Un été particulièrement brûlant, au sens propre et figuré, a vu les Algériens dépourvus d’eau, d’électricité et livrés aux flammes de la mercuriale mais aussi à celles des incendies qui ravageaient sous leurs yeux, impuissants, des années de labeur.
Tableau noir
Les subventions des produits alimentaires et les généreuses dépenses de l’argent public qui avaient permis au pouvoir d’avoir un moment de répit l’année dernière, ne sont plus un paravent aussi fiable.
Le coût de la paix sociale est en nette progression sur le marché de la colère populaire. Les Algériens continuent de protester et le front social lance des signes de bouillonnement. Des routes continuent d’être fermées, des pneus brûlés, des jeunes de s’immoler et des grèves de s’annoncer. Des attaques sporadiques de bandes criminelles et gangsters en tous genres, opérant en plein jour et dans les artères des grandes villes terrorisant les populations, ont levé le voile sur une politique sécuritaire nonchalante. Pas faute d’effectifs policiers ou autres appareils de sécurité, occupés sont-ils à violer et opprimer les libertés plutôt qu’à sécuriser les citoyens.
Sans compter un appareil économique bloqué et sans vision claire et une menace de déstabilisation qui s’échappe du conflit malien et d’autres poches de troubles dans le voisinage.
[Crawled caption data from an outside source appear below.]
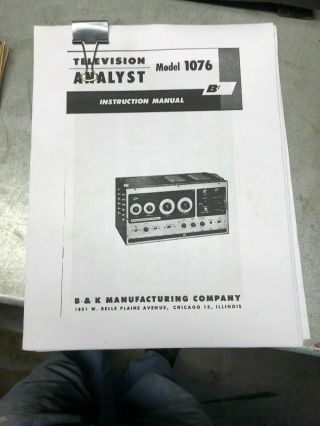 Vintage B&K Model 1076 Television Analyst TV Test & Service Equipment 4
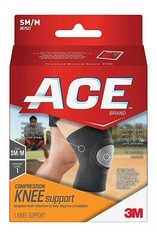 Ace Compression Knee Support Soft Neoprene Blend Panel Small Medium Size 1 ct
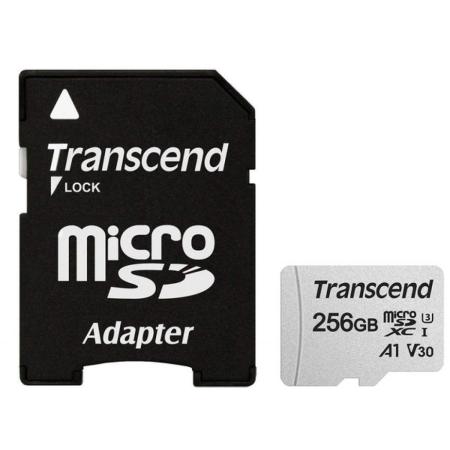 Карты памяти Transcend microSDXC 300S 256GB (с адаптером) [TS256GUSD300S-A]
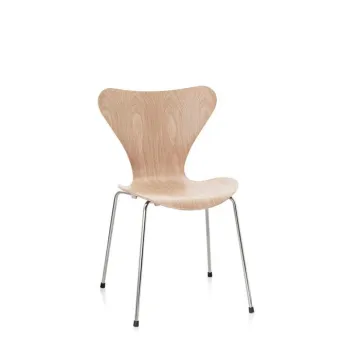 Plywood 7 series chair fast food chair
Telle est une liste non exhaustive des problèmes auxquels la nouvelle ancienne équipe gouvernementale devra faire face. Le Premier ministre avoue avoir «du pain sur la planche», mais a-t-il les coudées franches et le temps de répondre aux attentes des Algériens ? Abdelmalek Sellal dit s’atteler à «nettoyer» et donner son «vrai mérite à l’Algérie», mais l’on est en droit de nous interroger est-ce que cela sera possible, puisqu’il affirme appliquer le programme du Président, ce même programme dont tous les chefs de gouvernement depuis 1999 disaient puiser leurs actions, en sachant que le fait du prince est la seule logique de gouvernance en Algérie.
Tout se fait selon la volonté et le désir du Président ! Est-ce aussi rassurant de refaire appel à des ministres dont les noms sont cités dans des affaires de corruption ? Le relooking opéré sur le gouvernement ne peut avoir de sens que si l’Algérien pourra voir l’expression réelle d’une volonté de redresser la situation actuelle et lui donner espoir qu’il est permis d’accéder à une nouvelle ère. Mais si la même logique de gagner du temps en pensant à la seule échéance de 2014 primera sur la présentation de réelles réponses aux attentes des Algériens, on ne pourra donner cher de la paix.
La situation est évidemment explosive et nécessite des réponses rapides et efficaces, sinon ce sera dégoupiller une bombe sociale dont l’explosion aura des conséquences incalculables.